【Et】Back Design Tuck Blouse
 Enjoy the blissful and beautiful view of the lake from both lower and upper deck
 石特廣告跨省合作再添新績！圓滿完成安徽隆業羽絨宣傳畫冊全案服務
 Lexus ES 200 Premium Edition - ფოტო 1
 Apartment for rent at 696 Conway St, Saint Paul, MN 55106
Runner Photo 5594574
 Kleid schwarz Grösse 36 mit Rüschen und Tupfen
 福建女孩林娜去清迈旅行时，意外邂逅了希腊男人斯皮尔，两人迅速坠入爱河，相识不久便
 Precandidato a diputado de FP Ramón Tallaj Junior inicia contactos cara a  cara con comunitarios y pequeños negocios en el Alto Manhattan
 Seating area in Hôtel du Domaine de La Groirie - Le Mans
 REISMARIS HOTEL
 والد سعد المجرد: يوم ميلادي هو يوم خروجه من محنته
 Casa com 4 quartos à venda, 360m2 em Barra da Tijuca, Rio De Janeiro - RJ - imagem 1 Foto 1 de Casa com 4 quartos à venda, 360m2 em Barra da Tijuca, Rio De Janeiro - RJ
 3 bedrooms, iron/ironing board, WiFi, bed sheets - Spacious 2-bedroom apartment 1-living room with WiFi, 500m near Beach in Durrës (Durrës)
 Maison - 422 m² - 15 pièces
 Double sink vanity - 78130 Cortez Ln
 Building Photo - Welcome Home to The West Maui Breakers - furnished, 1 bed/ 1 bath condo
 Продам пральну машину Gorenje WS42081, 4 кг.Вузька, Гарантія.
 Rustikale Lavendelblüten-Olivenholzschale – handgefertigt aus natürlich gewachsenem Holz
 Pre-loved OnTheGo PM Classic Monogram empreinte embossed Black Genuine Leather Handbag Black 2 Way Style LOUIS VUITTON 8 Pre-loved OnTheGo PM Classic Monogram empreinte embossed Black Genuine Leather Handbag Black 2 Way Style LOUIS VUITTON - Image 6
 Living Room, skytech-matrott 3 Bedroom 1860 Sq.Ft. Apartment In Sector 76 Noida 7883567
┄┄┄┄┄┄┄┄┄┄
WORK REQUIRED »
Copy out the listing above, line by line and exactly, from its first line to the line holding "Runner Photo 5594574", inclusive.

RESULT OF THE EXERCISE »
【Et】Back Design Tuck Blouse
 Enjoy the blissful and beautiful view of the lake from both lower and upper deck
 石特廣告跨省合作再添新績！圓滿完成安徽隆業羽絨宣傳畫冊全案服務
 Lexus ES 200 Premium Edition - ფოტო 1
 Apartment for rent at 696 Conway St, Saint Paul, MN 55106
Runner Photo 5594574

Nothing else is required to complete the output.